UWindsor alum Mike Sonne has always been a baseball guy.
He plays baseball. He coaches baseball. He’s a fan.
But recently, Dr. Sonne went from being just any baseball guy to being the baseball guy, snagging a job with the Chicago Cubs as the major league club’s new baseball scientist.
What’s a baseball scientist?
“Everyone asks that,” said Sonne.
Sonne uses his expertise in biomechanics to figure out how hard a player can work before performance diminishes or injury is inevitable.
“The idea is to optimize performance,” he explained. “I look at how safely we can get our players on the field performing at their maximum for as long as possible.”
Sonne is part of the Cubs’ research and development department. Without giving too much away, Sonne said the size and scope of the Cubs’ tech team rivals that of any start-up in Silicon Valley. The department collects data on every player in the franchise — from the Cubs’ starting pitcher to young hitters on the club’s farm teams. It collects data on players from rival teams, too.
Sonne takes all that data and runs it through a model he originally designed to predict muscle fatigue in automotive assembly-line workers.
“My job is to figure out how to translate this data into actionable items.” Using a pitcher as an example, Sonne said he can go to the coach and say, “Get this person on the mound more, or maybe they need to skip a start.”
Sonne says there’s no magic to what he does — you just need to know what to look for.
“When you have a good understanding of how muscles fatigue, you can see subtle changes in movement patterns,” he said.

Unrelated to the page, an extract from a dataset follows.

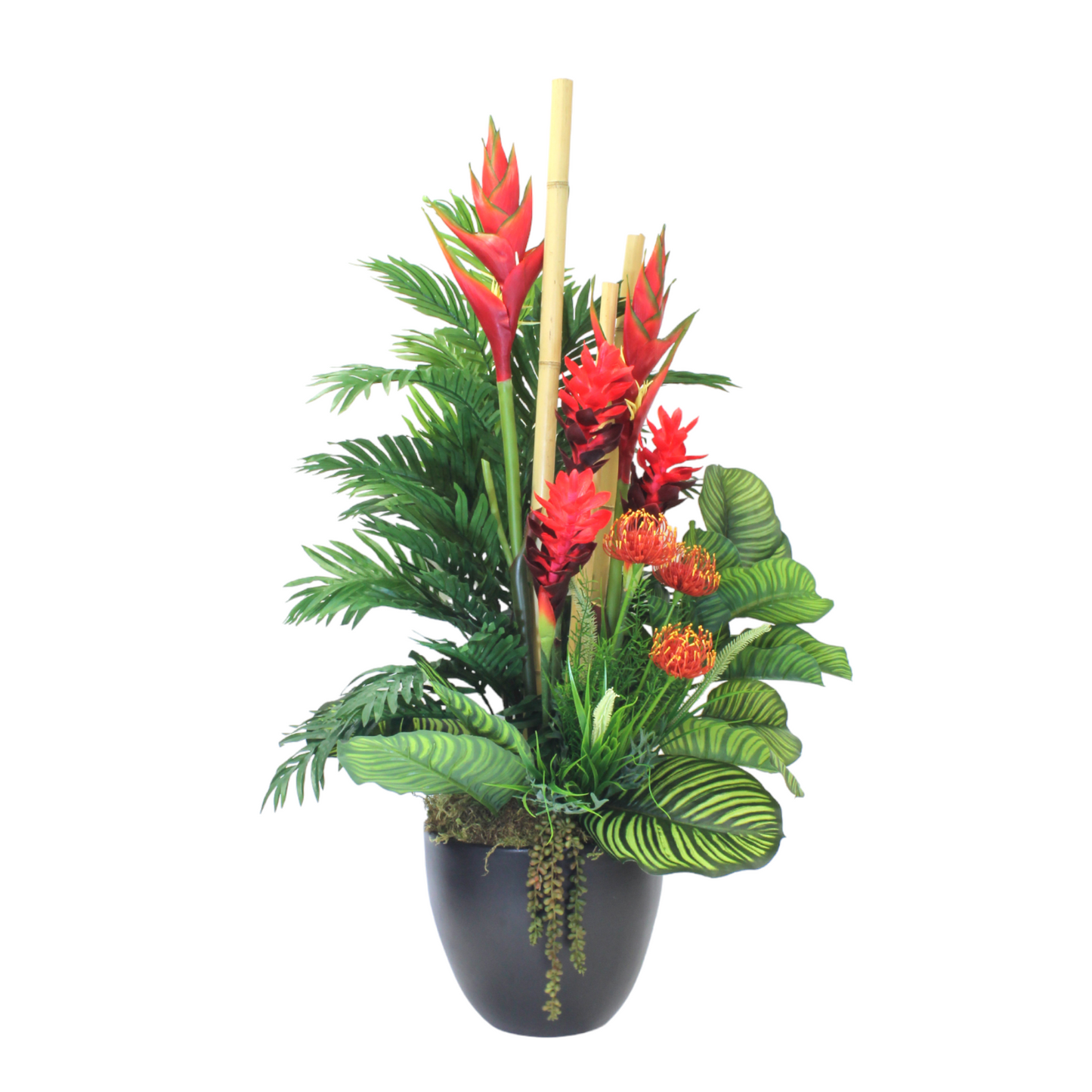 GINGER PLANT IN BLACK POT AGAINST WHITE BACKGROUND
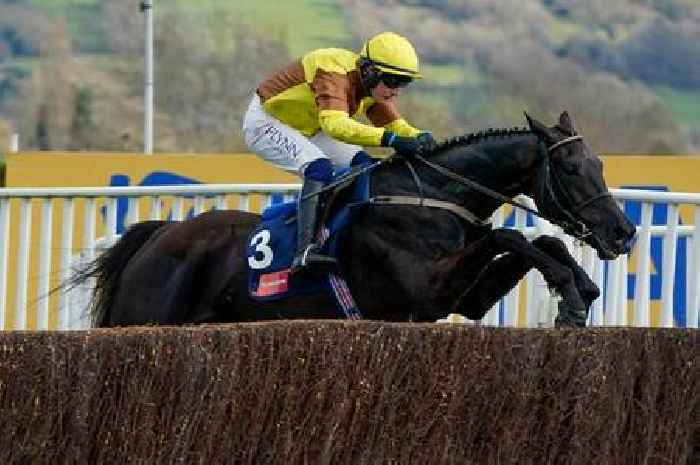 Horse racing tips and best bets for Cheltenham, Newmarket, Beverley and Kempton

Comparing what he sees to the data collected, he can predict when players need rest to get back at the top of their games.

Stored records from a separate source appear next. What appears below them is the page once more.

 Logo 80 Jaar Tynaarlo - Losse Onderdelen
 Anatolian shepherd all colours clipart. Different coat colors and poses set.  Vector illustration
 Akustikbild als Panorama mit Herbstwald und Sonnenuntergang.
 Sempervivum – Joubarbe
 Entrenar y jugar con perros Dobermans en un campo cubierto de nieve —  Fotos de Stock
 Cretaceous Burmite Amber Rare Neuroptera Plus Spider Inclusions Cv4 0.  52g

Sonne, 39, said he never dreamed of becoming a baseball scientist.
“I don’t think my dreams were ever so audacious to think this was possible.”
He graduated from Belle River high school intent on studying music.
“My guidance counsellor told me if I took kinesiology, I could only be a gym teacher,” he said wryly.
After completing his bachelor’s degree in human kinetics, he worked for two years as an ergonomist in Ottawa and Michigan before returning to UWindsor for master’s studies. During grad school, he worked with kinesiology professor Dave Andrews researching the body movements of assembly-line workers in the automotive industry.
“I definitely loved the HK program there,” he said.
For his PhD, he attended McMaster University and conducted further research on autoworkers with former UWindsor professor Jim Potvin.
Throughout his time at UWindsor, Sonne was the trainer for the Lancers football team. A helmet the team gave him when he graduated remains on display in the bedroom of his Hamilton home.
As part of this UWindsor master’s education, Sonne did an internship with an ergonomics tech company. When the company later folded, Sonne started his own.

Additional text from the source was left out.